#### DATA LISTING:
Start of Block

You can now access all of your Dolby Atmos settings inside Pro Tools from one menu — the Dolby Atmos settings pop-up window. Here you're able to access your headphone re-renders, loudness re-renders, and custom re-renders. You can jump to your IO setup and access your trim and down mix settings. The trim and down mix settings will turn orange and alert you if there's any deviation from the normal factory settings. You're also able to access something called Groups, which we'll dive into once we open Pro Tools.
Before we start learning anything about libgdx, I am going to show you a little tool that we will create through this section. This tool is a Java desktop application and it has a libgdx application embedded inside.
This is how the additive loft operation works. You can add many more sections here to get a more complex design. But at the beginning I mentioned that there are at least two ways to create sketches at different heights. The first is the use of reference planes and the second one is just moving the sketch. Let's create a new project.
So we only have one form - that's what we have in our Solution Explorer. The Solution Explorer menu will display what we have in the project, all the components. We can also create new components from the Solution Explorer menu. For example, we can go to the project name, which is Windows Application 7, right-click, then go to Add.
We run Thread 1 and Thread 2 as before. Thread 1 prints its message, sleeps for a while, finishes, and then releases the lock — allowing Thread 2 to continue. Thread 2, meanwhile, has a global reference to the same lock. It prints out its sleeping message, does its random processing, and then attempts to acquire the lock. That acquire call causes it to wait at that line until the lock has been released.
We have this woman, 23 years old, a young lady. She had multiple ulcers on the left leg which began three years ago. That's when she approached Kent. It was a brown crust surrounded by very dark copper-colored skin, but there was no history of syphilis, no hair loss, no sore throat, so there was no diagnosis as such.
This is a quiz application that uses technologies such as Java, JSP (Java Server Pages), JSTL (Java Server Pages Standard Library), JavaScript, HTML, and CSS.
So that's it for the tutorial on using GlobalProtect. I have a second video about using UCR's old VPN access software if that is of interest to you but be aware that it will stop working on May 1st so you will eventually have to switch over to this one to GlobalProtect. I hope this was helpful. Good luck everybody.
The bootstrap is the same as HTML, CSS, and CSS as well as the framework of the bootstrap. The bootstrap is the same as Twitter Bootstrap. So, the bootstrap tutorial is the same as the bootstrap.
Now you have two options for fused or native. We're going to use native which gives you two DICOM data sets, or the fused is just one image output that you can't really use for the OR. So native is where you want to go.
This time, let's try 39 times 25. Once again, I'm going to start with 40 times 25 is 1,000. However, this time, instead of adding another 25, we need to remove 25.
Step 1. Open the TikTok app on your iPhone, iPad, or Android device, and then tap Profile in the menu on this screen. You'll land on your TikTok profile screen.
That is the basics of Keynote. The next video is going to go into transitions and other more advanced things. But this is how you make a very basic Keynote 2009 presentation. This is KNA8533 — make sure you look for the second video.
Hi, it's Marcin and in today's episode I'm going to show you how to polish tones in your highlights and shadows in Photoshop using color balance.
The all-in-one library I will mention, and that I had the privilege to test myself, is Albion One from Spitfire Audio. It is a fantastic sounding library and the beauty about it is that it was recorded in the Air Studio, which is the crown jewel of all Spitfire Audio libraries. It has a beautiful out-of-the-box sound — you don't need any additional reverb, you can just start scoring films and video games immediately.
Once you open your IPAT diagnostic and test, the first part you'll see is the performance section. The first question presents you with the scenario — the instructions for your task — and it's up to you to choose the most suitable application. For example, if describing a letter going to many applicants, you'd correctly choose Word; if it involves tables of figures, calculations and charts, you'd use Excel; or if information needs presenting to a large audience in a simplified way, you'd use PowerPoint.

End of Block

#### AIM OF THE EXERCISE:
The answer must be every line from the records above that contains the word "reference", copied in full.

#### ANSWER TO THIS EXERCISE:
This is how the additive loft operation works. You can add many more sections here to get a more complex design. But at the beginning I mentioned that there are at least two ways to create sketches at different heights. The first is the use of reference planes and the second one is just moving the sketch. Let's create a new project.
We run Thread 1 and Thread 2 as before. Thread 1 prints its message, sleeps for a while, finishes, and then releases the lock — allowing Thread 2 to continue. Thread 2, meanwhile, has a global reference to the same lock. It prints out its sleeping message, does its random processing, and then attempts to acquire the lock. That acquire call causes it to wait at that line until the lock has been released.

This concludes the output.